■ Problem ■
Beginning with the line that contains "1784 Byron Road Howell Township MI 48855" in the material below, print each line exactly until the line that contains "French Upskirt Porn" has been printed, then stop.

■ Provided data ■
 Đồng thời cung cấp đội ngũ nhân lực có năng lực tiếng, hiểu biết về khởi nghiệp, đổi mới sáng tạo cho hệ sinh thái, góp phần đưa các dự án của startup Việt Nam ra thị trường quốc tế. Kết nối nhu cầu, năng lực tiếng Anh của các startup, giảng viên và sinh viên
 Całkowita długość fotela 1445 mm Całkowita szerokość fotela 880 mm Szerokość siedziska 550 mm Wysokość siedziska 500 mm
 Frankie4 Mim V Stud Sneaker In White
--
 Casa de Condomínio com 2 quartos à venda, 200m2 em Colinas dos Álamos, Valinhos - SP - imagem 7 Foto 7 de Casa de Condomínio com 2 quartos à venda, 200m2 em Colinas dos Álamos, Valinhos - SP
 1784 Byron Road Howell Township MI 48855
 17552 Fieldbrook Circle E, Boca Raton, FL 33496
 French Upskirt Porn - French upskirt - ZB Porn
==
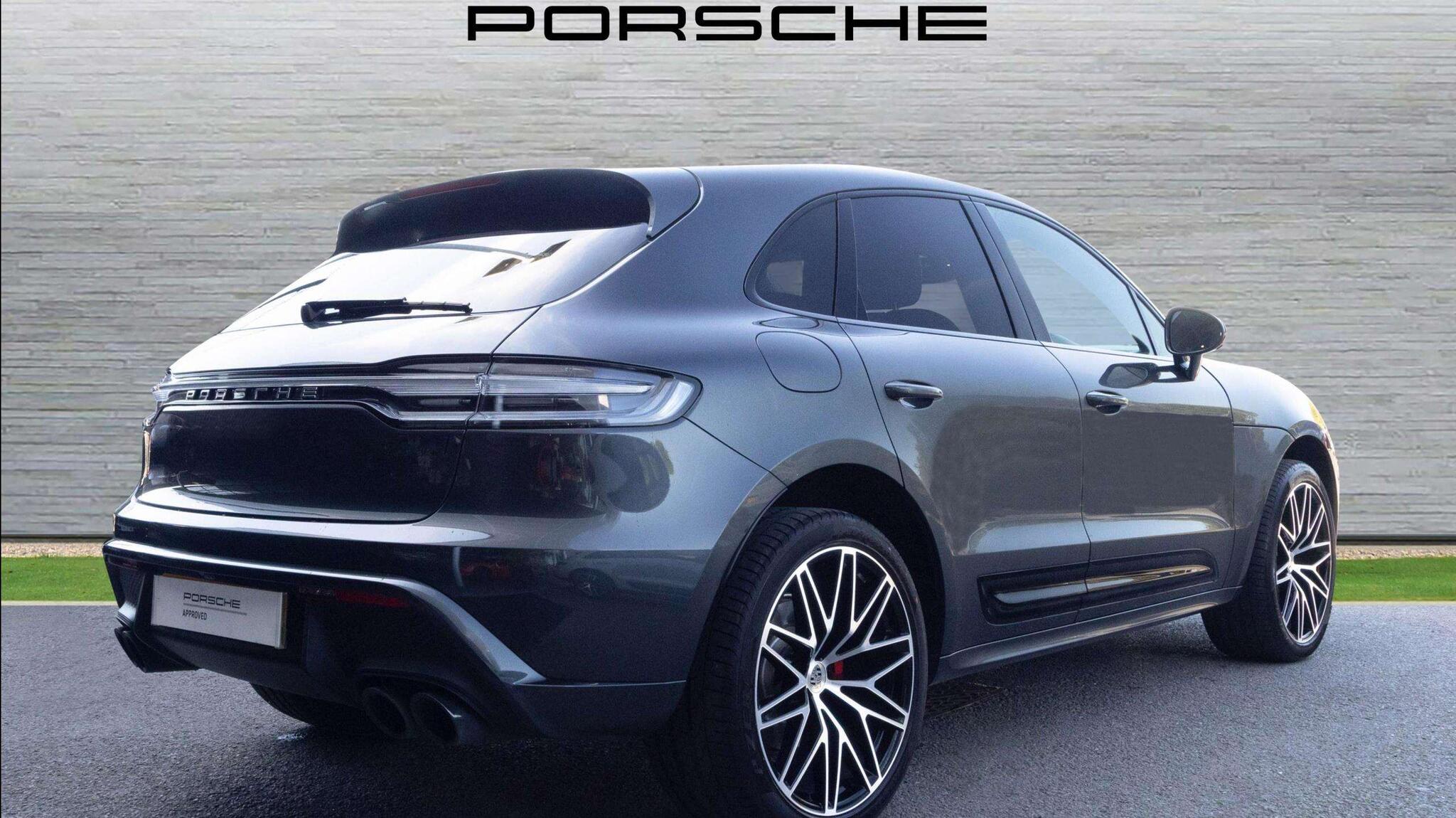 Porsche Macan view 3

■ Result for this task ■
 1784 Byron Road Howell Township MI 48855
 17552 Fieldbrook Circle E, Boca Raton, FL 33496
 French Upskirt Porn - French upskirt - ZB Porn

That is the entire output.